Requirement
Below is a listing from which only part is wanted; return exactly the lines from the one with "Bolsa de ombro" up to and including the one with "Funny dog tote".
(Provided entries)
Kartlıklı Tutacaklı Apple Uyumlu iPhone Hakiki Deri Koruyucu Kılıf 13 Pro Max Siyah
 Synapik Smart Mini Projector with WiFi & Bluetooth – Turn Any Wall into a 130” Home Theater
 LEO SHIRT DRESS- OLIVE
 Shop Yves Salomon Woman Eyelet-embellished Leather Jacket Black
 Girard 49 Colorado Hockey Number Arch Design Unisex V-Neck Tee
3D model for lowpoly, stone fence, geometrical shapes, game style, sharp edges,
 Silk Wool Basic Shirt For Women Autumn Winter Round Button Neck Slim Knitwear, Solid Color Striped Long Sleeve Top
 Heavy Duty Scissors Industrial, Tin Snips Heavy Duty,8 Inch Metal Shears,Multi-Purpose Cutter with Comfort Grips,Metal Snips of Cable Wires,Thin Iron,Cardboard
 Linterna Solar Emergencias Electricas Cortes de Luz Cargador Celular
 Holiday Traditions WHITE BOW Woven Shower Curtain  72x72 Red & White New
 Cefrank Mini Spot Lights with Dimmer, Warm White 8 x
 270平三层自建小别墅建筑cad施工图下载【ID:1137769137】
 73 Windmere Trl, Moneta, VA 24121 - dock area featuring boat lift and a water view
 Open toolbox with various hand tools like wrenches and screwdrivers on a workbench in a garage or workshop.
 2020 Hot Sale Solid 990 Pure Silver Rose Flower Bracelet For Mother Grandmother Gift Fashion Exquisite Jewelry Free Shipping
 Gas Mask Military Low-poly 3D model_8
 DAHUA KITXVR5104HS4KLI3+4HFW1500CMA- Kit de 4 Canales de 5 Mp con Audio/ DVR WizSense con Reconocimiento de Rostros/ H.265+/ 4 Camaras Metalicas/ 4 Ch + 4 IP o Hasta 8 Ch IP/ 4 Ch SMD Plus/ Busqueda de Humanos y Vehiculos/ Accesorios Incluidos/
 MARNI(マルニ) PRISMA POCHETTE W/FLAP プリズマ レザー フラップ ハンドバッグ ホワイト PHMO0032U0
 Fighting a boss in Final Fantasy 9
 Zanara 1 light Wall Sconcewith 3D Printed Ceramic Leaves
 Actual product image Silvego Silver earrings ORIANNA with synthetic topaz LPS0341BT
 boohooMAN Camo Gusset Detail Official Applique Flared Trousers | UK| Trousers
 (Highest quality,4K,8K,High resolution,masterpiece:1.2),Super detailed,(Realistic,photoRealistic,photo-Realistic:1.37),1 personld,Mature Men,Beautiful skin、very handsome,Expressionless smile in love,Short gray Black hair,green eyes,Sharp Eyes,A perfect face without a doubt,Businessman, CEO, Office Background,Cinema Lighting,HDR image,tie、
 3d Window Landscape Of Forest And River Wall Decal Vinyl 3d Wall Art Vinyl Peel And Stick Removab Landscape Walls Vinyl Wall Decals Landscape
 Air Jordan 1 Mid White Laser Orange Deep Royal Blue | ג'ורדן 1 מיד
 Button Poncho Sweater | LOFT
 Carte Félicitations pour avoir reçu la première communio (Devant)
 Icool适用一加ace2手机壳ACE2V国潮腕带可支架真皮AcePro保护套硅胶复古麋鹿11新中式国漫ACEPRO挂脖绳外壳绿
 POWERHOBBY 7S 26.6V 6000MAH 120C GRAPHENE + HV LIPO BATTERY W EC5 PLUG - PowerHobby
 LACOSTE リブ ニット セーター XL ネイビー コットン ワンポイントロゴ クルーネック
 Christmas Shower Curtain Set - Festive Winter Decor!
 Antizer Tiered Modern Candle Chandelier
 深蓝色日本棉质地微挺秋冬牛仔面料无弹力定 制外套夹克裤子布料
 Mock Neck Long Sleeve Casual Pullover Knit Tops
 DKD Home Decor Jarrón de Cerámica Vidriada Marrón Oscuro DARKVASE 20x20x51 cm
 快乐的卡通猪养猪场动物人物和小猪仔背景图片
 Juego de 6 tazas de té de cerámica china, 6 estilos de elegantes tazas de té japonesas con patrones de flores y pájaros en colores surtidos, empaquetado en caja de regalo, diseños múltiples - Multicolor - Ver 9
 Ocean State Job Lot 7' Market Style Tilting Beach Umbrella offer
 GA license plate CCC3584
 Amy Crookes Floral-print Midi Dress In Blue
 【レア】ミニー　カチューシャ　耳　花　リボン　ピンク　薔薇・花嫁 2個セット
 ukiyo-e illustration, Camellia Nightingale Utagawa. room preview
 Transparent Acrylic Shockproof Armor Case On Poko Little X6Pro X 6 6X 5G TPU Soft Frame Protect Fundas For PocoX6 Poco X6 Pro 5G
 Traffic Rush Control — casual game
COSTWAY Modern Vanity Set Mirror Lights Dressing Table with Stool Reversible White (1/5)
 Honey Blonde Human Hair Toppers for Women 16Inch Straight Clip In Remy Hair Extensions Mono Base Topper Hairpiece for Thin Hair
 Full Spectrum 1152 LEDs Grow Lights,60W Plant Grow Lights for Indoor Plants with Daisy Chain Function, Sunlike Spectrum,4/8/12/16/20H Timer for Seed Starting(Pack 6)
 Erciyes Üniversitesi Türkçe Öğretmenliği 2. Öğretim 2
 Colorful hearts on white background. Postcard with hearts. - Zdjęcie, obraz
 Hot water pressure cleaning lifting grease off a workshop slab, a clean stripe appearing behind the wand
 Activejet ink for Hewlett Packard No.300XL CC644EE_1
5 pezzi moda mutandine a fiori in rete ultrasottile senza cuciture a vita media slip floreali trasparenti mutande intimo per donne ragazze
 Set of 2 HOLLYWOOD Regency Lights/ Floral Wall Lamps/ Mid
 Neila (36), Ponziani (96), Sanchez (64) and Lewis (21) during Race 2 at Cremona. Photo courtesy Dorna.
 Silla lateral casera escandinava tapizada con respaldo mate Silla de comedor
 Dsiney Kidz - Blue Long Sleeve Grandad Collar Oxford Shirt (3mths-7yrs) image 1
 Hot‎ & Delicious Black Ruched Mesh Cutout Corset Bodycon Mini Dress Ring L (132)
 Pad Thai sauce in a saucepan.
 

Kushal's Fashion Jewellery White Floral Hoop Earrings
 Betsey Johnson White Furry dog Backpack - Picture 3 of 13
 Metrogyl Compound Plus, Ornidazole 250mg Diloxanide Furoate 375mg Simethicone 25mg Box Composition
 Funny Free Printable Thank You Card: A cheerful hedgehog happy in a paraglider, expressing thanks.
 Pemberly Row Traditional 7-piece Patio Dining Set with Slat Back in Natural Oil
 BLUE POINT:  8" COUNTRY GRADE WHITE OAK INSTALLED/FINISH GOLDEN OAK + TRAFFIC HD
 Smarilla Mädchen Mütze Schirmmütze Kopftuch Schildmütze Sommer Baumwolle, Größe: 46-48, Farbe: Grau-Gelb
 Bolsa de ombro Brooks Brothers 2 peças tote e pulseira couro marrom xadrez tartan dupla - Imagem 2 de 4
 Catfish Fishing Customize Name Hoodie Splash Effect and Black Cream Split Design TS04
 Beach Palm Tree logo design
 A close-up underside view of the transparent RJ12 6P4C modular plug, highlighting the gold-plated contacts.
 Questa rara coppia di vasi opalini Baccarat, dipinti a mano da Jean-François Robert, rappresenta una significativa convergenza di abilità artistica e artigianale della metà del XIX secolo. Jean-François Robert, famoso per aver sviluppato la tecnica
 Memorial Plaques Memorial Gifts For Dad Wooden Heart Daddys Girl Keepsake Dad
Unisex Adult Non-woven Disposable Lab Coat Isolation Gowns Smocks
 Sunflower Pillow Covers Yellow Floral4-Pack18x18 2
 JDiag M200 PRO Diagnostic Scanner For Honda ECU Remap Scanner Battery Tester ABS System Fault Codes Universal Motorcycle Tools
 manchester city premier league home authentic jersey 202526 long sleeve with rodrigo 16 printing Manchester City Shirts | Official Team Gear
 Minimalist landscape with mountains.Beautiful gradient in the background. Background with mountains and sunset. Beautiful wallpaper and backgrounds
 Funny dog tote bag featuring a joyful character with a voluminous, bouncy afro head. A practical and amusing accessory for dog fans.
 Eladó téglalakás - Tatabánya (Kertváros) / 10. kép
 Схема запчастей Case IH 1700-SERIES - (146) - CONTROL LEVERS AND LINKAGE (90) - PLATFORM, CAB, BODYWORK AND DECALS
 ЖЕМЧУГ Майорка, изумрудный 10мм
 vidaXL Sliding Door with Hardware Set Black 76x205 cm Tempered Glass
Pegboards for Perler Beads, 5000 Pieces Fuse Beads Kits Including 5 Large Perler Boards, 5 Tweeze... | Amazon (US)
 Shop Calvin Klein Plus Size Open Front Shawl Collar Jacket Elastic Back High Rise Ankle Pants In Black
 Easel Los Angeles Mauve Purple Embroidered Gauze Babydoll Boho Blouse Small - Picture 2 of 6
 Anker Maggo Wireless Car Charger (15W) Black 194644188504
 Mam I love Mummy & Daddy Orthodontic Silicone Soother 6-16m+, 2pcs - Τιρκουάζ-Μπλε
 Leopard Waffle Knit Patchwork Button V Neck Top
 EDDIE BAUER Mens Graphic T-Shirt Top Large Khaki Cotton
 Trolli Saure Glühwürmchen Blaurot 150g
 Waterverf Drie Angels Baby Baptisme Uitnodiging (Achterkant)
(End Provided entries)
Exercise result
 Bolsa de ombro Brooks Brothers 2 peças tote e pulseira couro marrom xadrez tartan dupla - Imagem 2 de 4
 Catfish Fishing Customize Name Hoodie Splash Effect and Black Cream Split Design TS04
 Beach Palm Tree logo design
 A close-up underside view of the transparent RJ12 6P4C modular plug, highlighting the gold-plated contacts.
 Questa rara coppia di vasi opalini Baccarat, dipinti a mano da Jean-François Robert, rappresenta una significativa convergenza di abilità artistica e artigianale della metà del XIX secolo. Jean-François Robert, famoso per aver sviluppato la tecnica
 Memorial Plaques Memorial Gifts For Dad Wooden Heart Daddys Girl Keepsake Dad
Unisex Adult Non-woven Disposable Lab Coat Isolation Gowns Smocks
 Sunflower Pillow Covers Yellow Floral4-Pack18x18 2
 JDiag M200 PRO Diagnostic Scanner For Honda ECU Remap Scanner Battery Tester ABS System Fault Codes Universal Motorcycle Tools
 manchester city premier league home authentic jersey 202526 long sleeve with rodrigo 16 printing Manchester City Shirts | Official Team Gear
 Minimalist landscape with mountains.Beautiful gradient in the background. Background with mountains and sunset. Beautiful wallpaper and backgrounds
 Funny dog tote bag featuring a joyful character with a voluminous, bouncy afro head. A practical and amusing accessory for dog fans.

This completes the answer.